# Hypergeometric

• Mar 22nd 2011, 11:22 AM
dwsmith
Hypergeometric
From a box containing 5 white balls and 4 reds, two are randomly selected w/o replacement. Find

(a) Exactly 1 is white.
X number of white selected.
$P(X=1), \ N=9, \ k=5, \ n=2$

$\displaystyle p(1)=\frac{\binom{5}{1}\binom{4}{1}}{\binom{9}{2}} =\frac{5}{9}$

The book says the answer is 0.14. I don't know what I did wrong since what I have done seems correct.
• Mar 22nd 2011, 11:53 AM
dwsmith
I also have a question in regards to part (c).

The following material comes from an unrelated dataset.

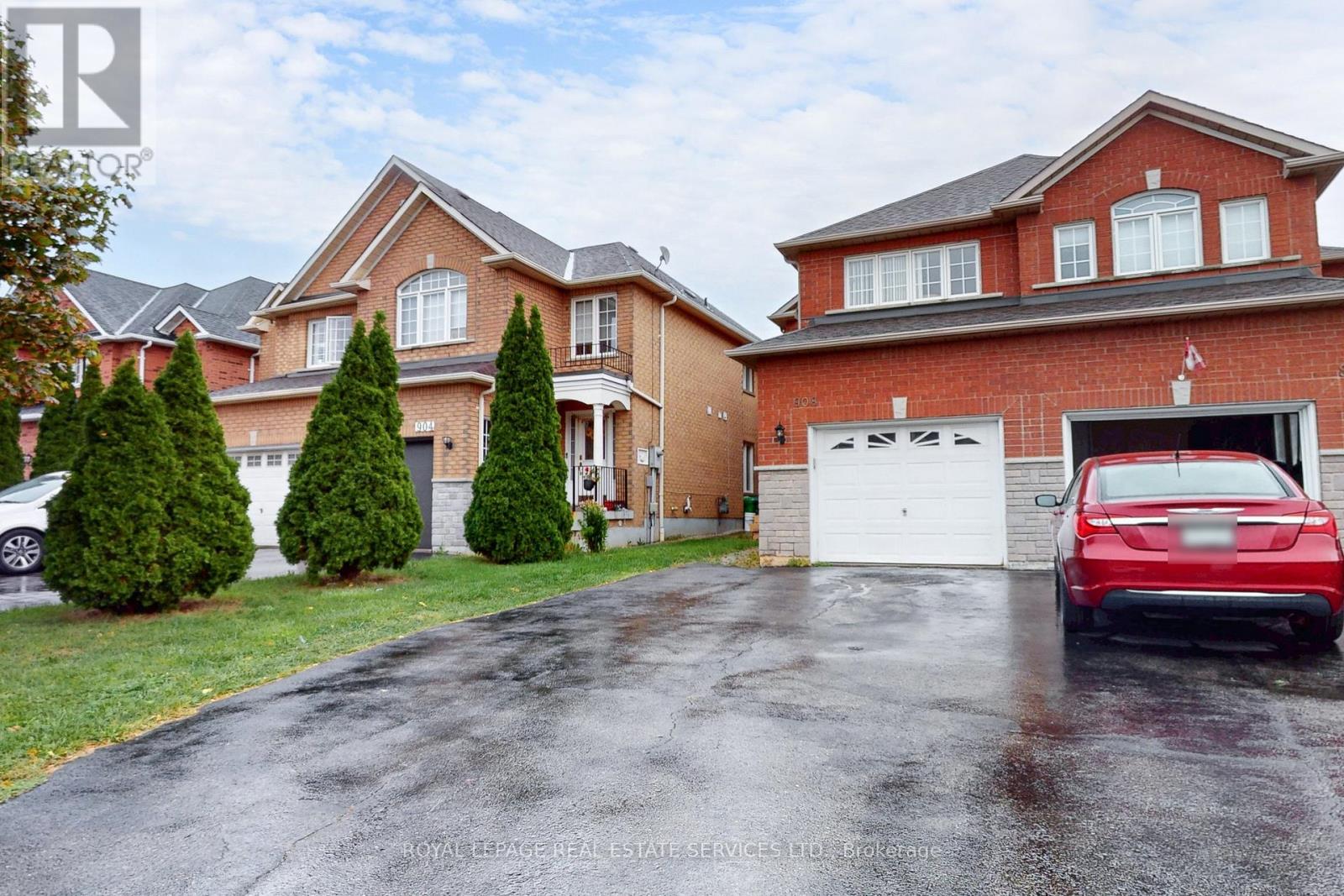 908 Stonebridge Avenue, Mississauga, Ontario  L5V 2L5 - Photo 3 - W12518510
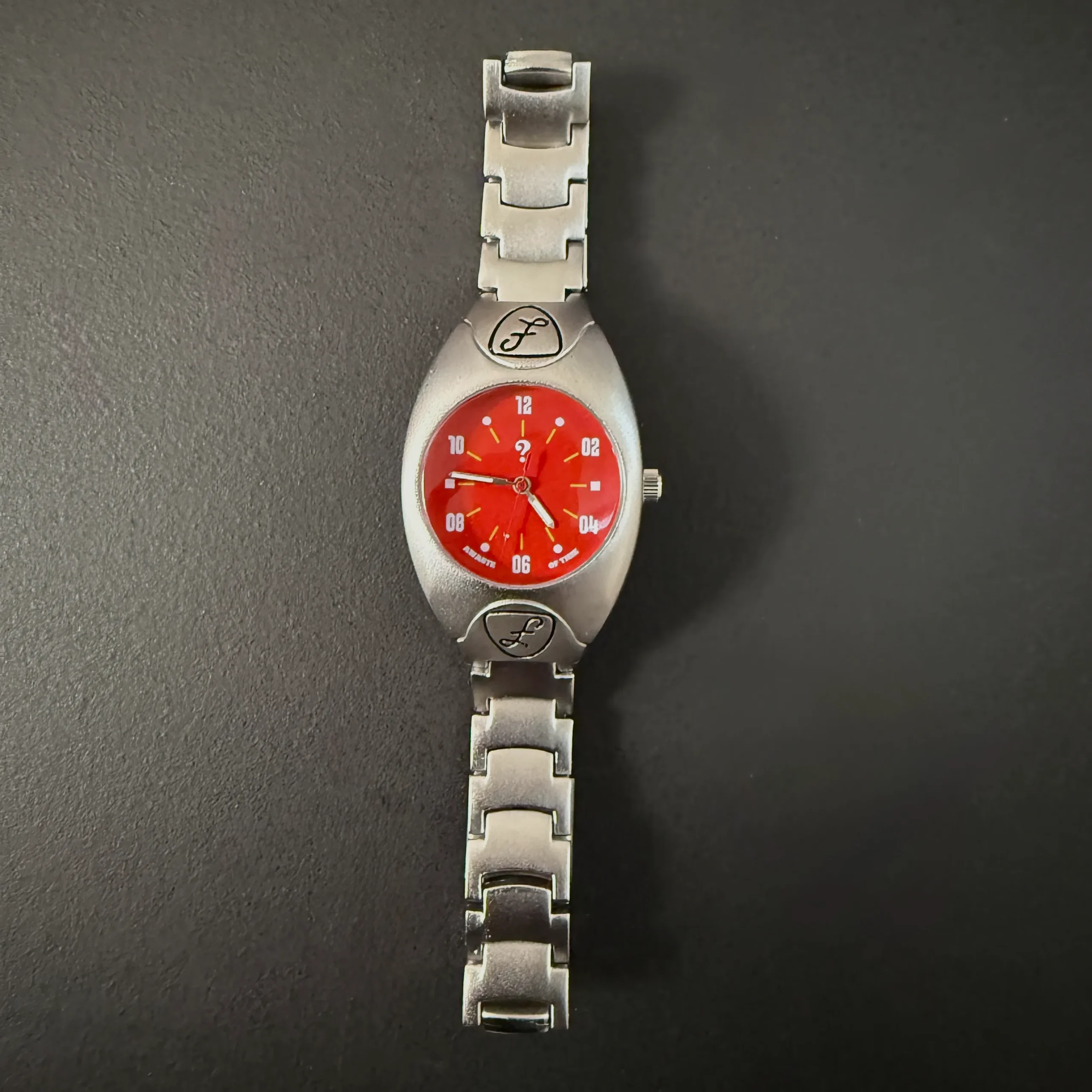 Vintage silver women’s quartz watch with red dial and metal bracelet – retro timepiece by WatchTrio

Two white balls are selected, given at least one white is selected.
$\displaystyle P(2W|\text{at least} \ 1W)=\frac{P(2W\cap \text{at least} \ 1W)}{\sum_{x=1}^2\frac{\binom{5}{x}\binom{4}{2-x}}{\binom{9}{2}}=\frac{5}{6}}$

I don't know how to determine that intersection.
• Mar 22nd 2011, 12:23 PM
Plato
Question: what does "w/replacement" mean?
Is it with replacement? Or without replacement?
• Mar 22nd 2011, 12:26 PM
dwsmith
Quote:

Originally Posted by Plato
Question: what does "w/replacement" mean?
Is it with replacement? Or without replacement?

I forgot the o. It shold be w/o=without
• Mar 22nd 2011, 12:46 PM
Plato
$P(\text{2W}\cap\text{at least one W})=P(\text{2W})$